ASSIGNED TASK
Repeat the listing below line by line, exactly, leaving its pictures behind.

EXERCISE DATA
┄┄┄┄┄┄┄┄┄┄┄┄┄┄┄┄┄┄┄┄

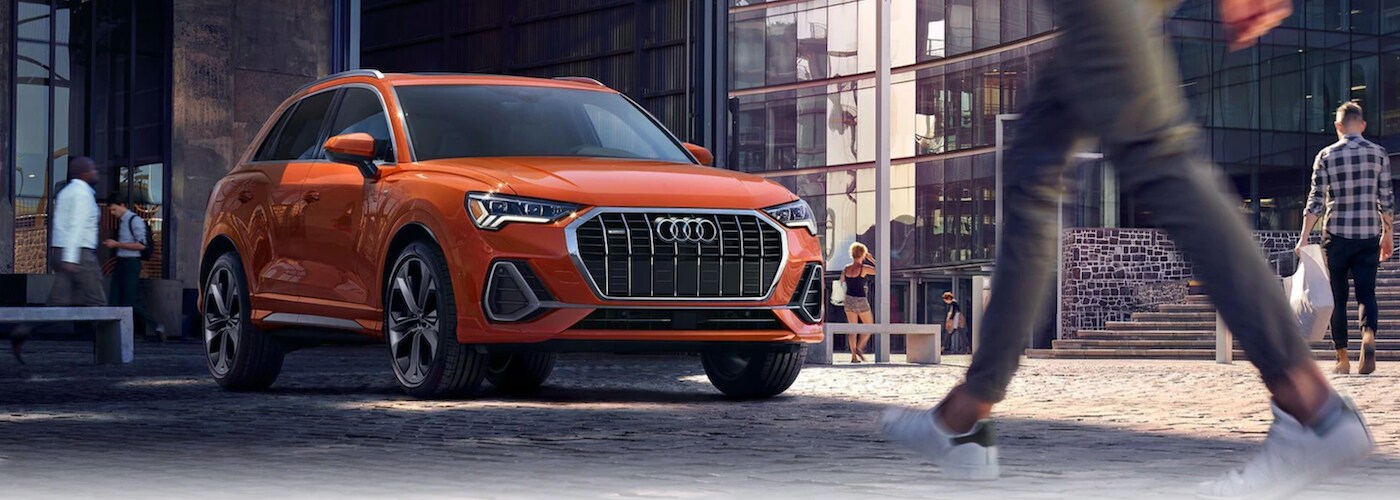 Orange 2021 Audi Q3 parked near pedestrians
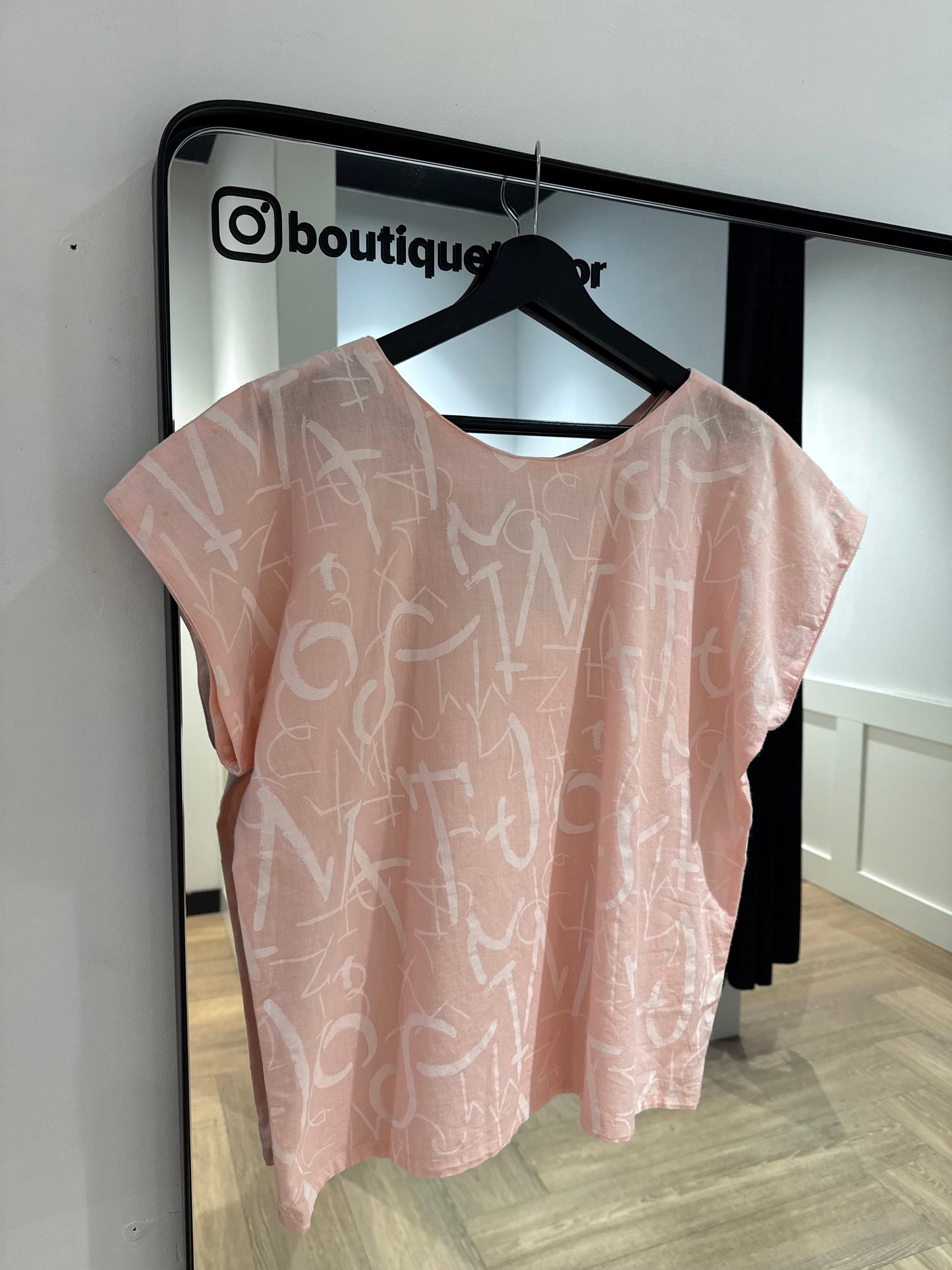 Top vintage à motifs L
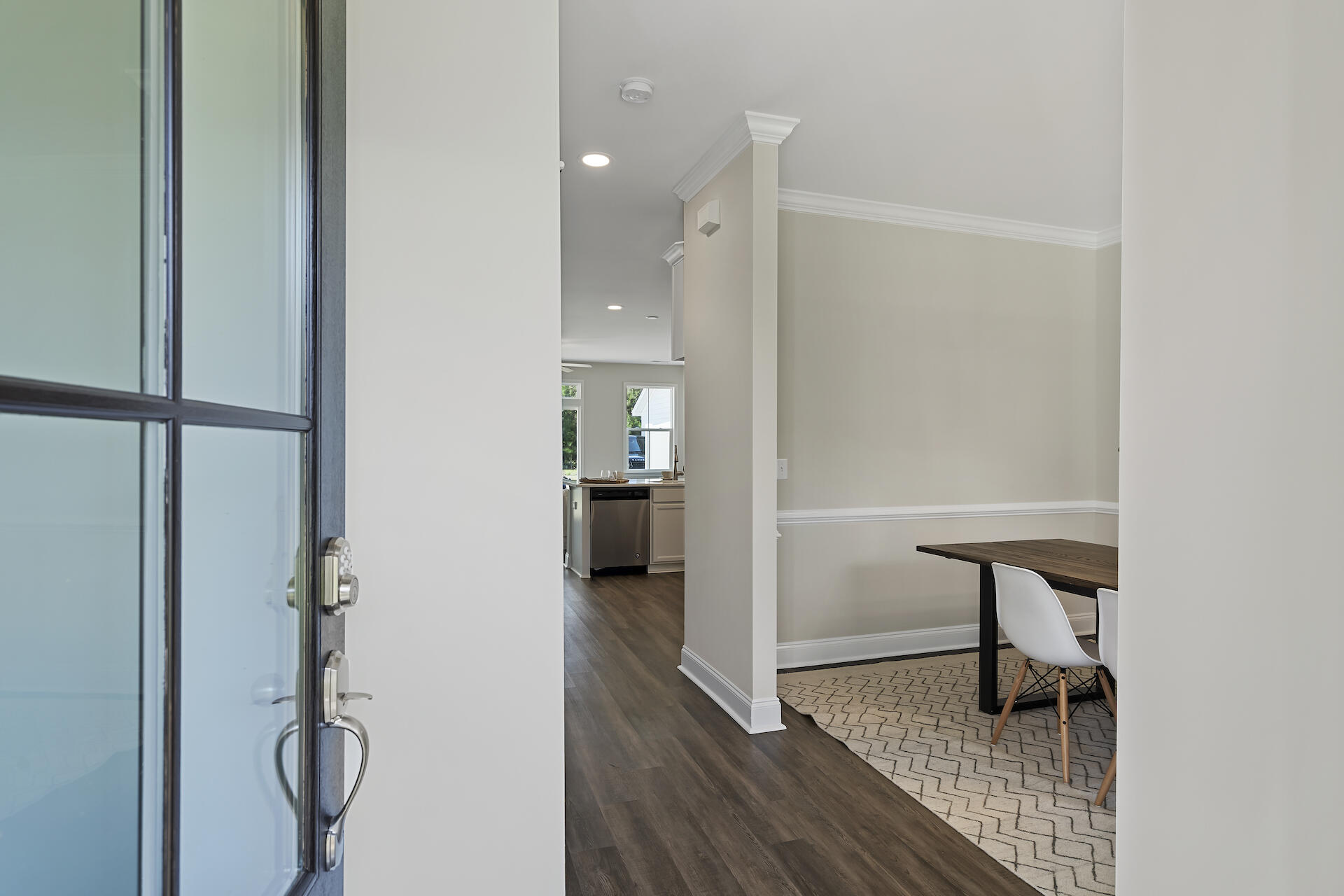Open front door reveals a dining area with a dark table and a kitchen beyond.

┄┄┄┄┄┄┄┄┄┄┄┄┄┄┄┄┄┄┄┄

WRITTEN ANSWER
 Orange 2021 Audi Q3 parked near pedestrians
 Top vintage à motifs L
Open front door reveals a dining area with a dark table and a kitchen beyond.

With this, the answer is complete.